Pemba thought about his daughters, growing up in a world where the mountain his family had lived beside for generations was shedding its ice like skin. Where routes his father knew by heart were becoming death traps. Where the certainty of seasons was becoming uncertainty.

“Worth it?” Lisa asked quietly.

He thought about the moment on the slope, the calculation he’d made between safety and necessity, between the old rules and the new reality. Thought about all the ways the mountain had changed, and all the ways humans had to change with it.

“Ask me when your paper comes out,” he said. “When I can show my daughters their father helped collect the data that might save their world. Then I’ll tell you if it was worth it.”

Lisa smiled, exhausted and wind-burned and still carrying the weight of those ice samples like they were more precious than any summit.

“Deal,” she said.

* * *

The altitude of choice, Pemba thought, had nothing to do with elevation.
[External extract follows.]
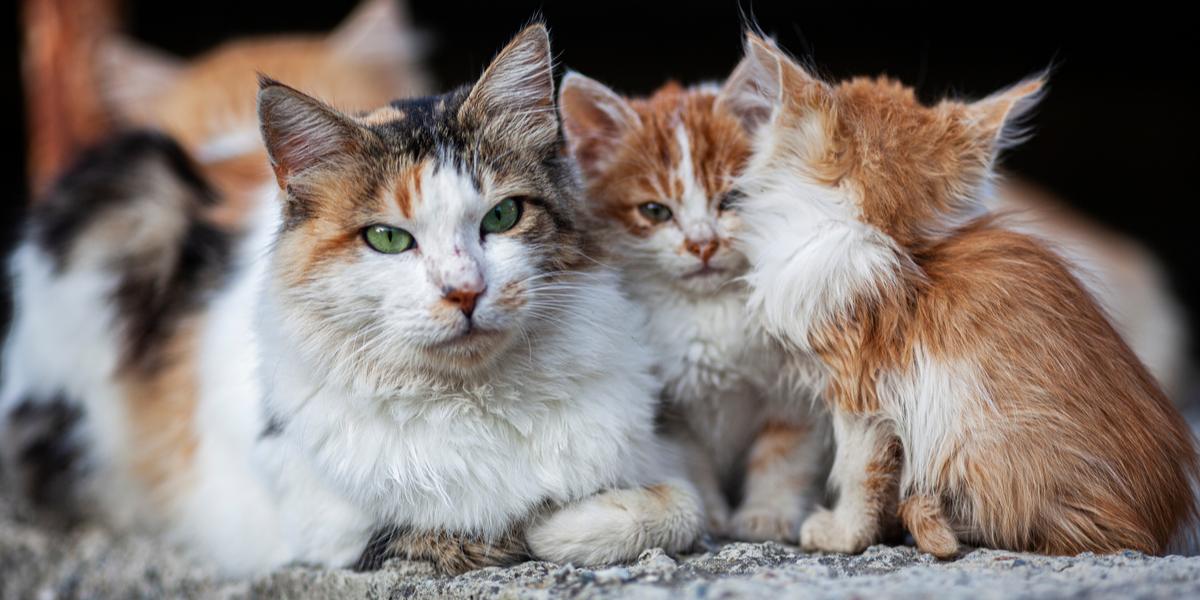 Wat is het verschil tussen een zwerfkat en een verwilderde kat?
It had everything to do with the moment you decided what risks were worth taking, what knowledge was worth pursuing, what kind of world you wanted to help build.

His father might not have made the same choice.

But his daughters might live in a better world because he had.

— Sage

Author's Note

This story is about Pemba Sherpa, who's guided seventeen expeditions and turned back eleven times—everyone he's guided is still alive. That record matters more than any summit. But Dr. Lisa Chen needs ice samples that will tell us how fast ice sheets can collapse. The altitude of choice has nothing to do with elevation—it's about deciding what risks are worth taking, what knowledge is worth pursuing, what kind of world you want to help build. Pemba's father would have turned back. No question. But his father also watched the glaciers shrink every year, felt the monsoon patterns shift, saw the mountain itself change. For everyone who makes hard choices between absolute safety and potentially crucial knowledge. For the people who guide us through impossible decisions.